In the meantime, here are a few “real-time” financial indicators to watch in order to assess if markets start to be more concerned about growth (than inflation):

  • Bonds-equities correlation revert to negative if growth fears start dominating (with equities down and bonds up)
  • Defensive equities outperforming cyclicals. In the same vein, cyclical currencies underperforming defensive ones (AUD losing ground against CHF for example)
  • Credit spreads widening (much) further

Economic Calendar

Considering the “known” macro agenda, the main event will be the IMF/World Bank Spring meetings through the week, which include several central bankers’ speeches (such as BoJ Governor Ueda, ECB President Lagarde or BoE Governor Bailey) as well as the release of the latest World Economic Outlook on Tuesday. It will be key to hear about policymakers’ thoughts on the impact of the conflict in Iran, and see how the IMF/World Bank economic forecasts have changed/evolved due to the conflict in Iran.

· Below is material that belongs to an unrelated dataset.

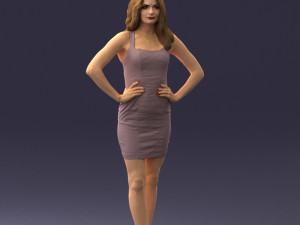000160 Woman in Tight Dress Confident Pose Character 0714 3dp 3D-Druckmodell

As far as “pure” economic data are concerned, we will get the March PPI (Tuesday) and industrial production (Thursday) among the main highlights from the US. Some interesting surveys to assess the current business mood will also be released: the NFIB Small Business Index (Tuesday), the NAHB Housing Market Index (Wednesday) or the Philadelphia Fed manufacturing index for April (Thursday). Moving to China, the Q1 GDP and March economic activity data (industrial output, retail sales and investment) will be out on Thursday. More of the same is expected, i.e. decent growth overall -around officials GDP real growth target of 4.5%- supported essentially by strong exports. While China is relatively well insulated from this energy supply shock, thanks to its energy self-reliance barbell of coal & green energy, it may be hurt if this energy crisis leads to a global economic slowdown.  

Finally, the focus will also be on the start of the Q1 earnings season, with reports due from several US financials (GS, JPM, C, BAC, MS), but also TSMC, ASML, Netflix in the Tech/Communication Services sectors, and other more traditional (read “old economy”) companies such as J&J, Pepsi, Unilever, BAT or Exxon. Overall, earnings growth is expected to be close to 20%, a four-year high, on the back of a broadening across sectors (even if it is still led by mega-cap tech companies), but with the corollary that the potential beat should be thus modest (given the higher expectations this time).